« L’invasion de Ceuta a été menée par des gendarmes marocains sous les ordres d’agents en civil, dans un but autre que l’immigration. » Telle est la conclusion du rapport de police remis ce lundi à la juge espagnole María Tardón.
La presse espagnole annonce ce mercredi 2 septembre que suite à un article du journal en ligne, El Espagnol, le ministre de l'Intérieur, Fernando Grande-Marlaska , a envoyé ce matin une lettre au directeur général de la police espagnole, Francisco Pardo, pour savoir, « si c'est vrai », depuis quand la police nationale disposait des informations indiquant « que le Commissariat général à l'immigration et aux frontières a informé le magistrat Tardón que l'« invasion » (sic) de Ceuta a été guidée par des gendarmes marocains sous les ordres d'agents en civil dans un but autre que l'immigration. »

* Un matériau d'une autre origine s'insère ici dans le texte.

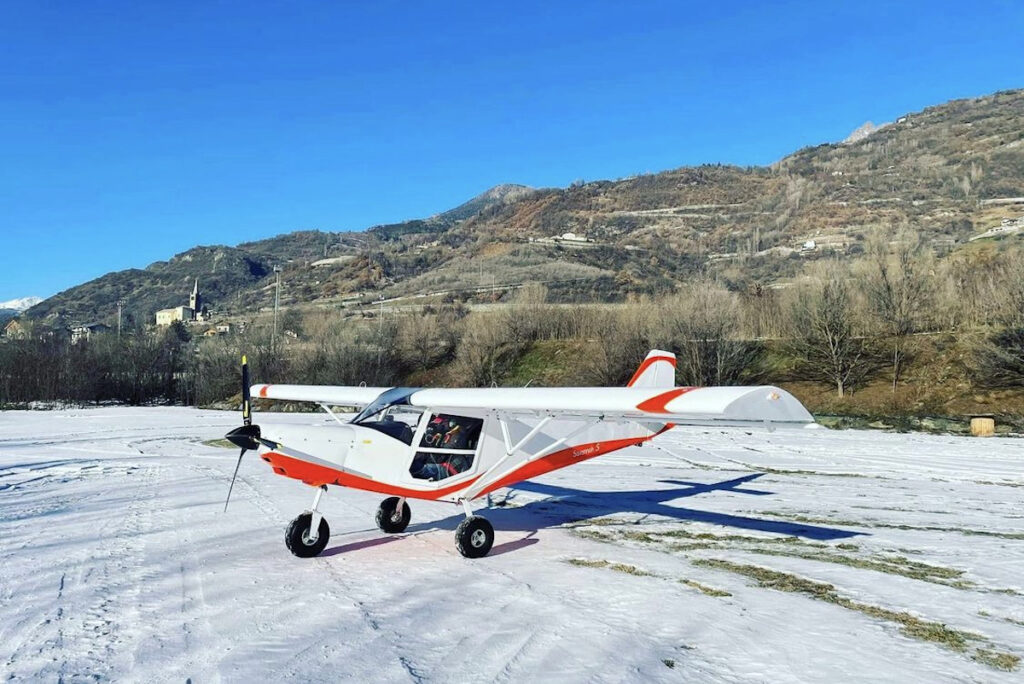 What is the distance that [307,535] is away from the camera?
28.8 ft

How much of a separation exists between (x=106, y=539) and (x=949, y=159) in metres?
174

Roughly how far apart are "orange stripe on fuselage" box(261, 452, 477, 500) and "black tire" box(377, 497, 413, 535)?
39.5 inches

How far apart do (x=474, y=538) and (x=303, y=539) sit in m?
2.08

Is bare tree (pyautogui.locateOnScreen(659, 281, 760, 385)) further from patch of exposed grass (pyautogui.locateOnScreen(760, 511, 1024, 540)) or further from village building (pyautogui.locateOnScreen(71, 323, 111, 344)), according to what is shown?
village building (pyautogui.locateOnScreen(71, 323, 111, 344))

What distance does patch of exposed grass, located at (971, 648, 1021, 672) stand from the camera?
535cm

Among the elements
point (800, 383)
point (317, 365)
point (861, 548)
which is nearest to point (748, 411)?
point (861, 548)

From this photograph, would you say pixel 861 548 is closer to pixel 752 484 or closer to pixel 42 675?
pixel 752 484

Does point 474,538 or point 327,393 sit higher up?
point 327,393

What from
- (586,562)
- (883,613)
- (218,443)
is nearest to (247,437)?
(586,562)

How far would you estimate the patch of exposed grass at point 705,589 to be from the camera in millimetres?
7289

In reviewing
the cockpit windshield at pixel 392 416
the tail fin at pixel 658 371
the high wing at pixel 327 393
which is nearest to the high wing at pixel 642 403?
the cockpit windshield at pixel 392 416

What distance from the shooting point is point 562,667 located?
533 centimetres

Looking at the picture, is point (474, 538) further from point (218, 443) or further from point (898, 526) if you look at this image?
point (218, 443)

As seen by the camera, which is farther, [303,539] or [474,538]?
[474,538] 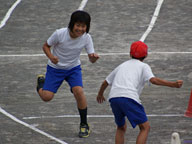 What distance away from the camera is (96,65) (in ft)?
42.3

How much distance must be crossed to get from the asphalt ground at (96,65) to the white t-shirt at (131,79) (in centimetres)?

Dans sa lettre, Grande-Marlaska demande à Francisco Pardo : « Si les informations contenues dans cette publication en ligne sont exactes, je dois savoir depuis quand la Police nationale détient ces informations. Ceci est absolument essentiel pour que, quelles que soient les poursuites judiciaires qui pourraient être engagées, je puisse, en tant que ministre de l'Intérieur, exercer ma responsabilité et que, finalement, le gouvernement puisse prendre les décisions appropriées concernant la crise migratoire de Ceuta, dans l'exercice de ses fonctions constitutionnelles de direction de la politique intérieure et étrangère et de défense de l'État », rapporte l'agence EFE.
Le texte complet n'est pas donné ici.